Strategic Review and Failed Marketing Process
- Beginning in mid-2024, the Company engaged advisors, including Houlihan Lokey, to pursue strategic alternatives. Houlihan conducted a marketing process for all or a portion of the Company’s assets, contacting 63 potentially interested parties.
- In October 2024, the Company received four indications of interest ranging from $175 million to $225 million for a subset of its distribution centers.
- However, following subsequent negative operational events, two bidders withdrew and the remaining two revised their offers downward in January 2025 to $42 million and $125 million, respectively. The Company deemed these bids unactionable as they were materially below the assets' liquidation value.
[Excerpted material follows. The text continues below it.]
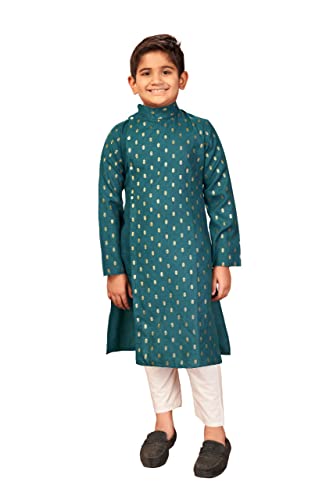 TreegoArt Modisches Kurta-Pyjama-Set aus Reiner Baumwolle für Kinder, Foliendruck, Butti und Tasche mit Knopf für Jungen (Squirrel504-Rama-36) von TreegoArt Fashion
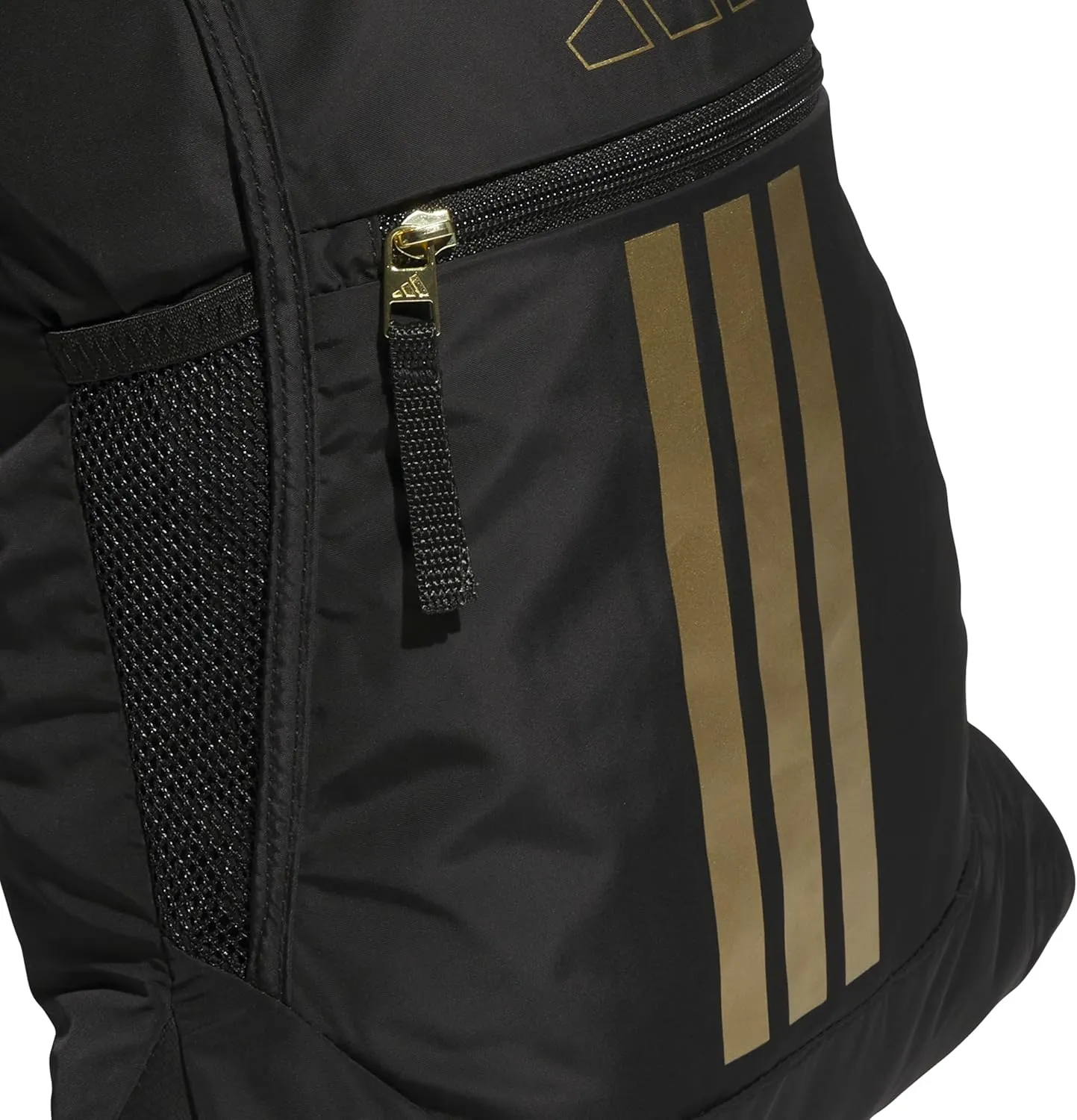 adidas Alliance Sackpack, Drawstring, Lightweight Small Gym Bag for Women, Soccer Backpack, Black/Gold Metallic, One Size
- Efforts to secure new third-party liquidity were also unsuccessful.
Critical Operational Failures
- Loss of Major Customer: In December 2024, the Company’s largest customer, Sprouts Farmers Market, communicated its intent to migrate to full self-distribution, eliminating a critical revenue stream.
- Credit Rating Downgrade: On Jan. 27, 2025, industry credit rating agency SEAFAX downgraded the Company to “Cautionary” status. This had an immediate negative impact, causing a substantial number of vendors and customers to place the Company on hold.
- Liquidity Crisis: Following the downgrade, Sprouts began withholding payments for goods previously delivered, ultimately withholding approximately $42 million. This sudden loss of operating revenue rendered all potential going-concern strategic alternatives unviable.
Orderly Winddown and Chapter 11 Filing
- With its liquidity depleted and sale process failed, the Company made the decision in mid-February 2025 to commence an orderly winddown of its operations.
- On Feb. 18, 2025, the Company issued WARN Act notices to its entire employee base of approximately 1,500 individuals, announcing a full shutdown of operations by April 21, 2025.
- During the winddown, the Company liquidated substantially all of its inventory, recovering approximately $140 million, and sold five of its distribution center operations.
- After facing an involuntary Chapter 7 petition filed by three creditors on April 18, 2025 (which was subsequently stipulated for dismissal), the Company determined that a Chapter 11 filing was the most effective process to maximize the value of its remaining assets—primarily its litigation claims and a Dallas distribution center—and manage claims from thousands of creditors.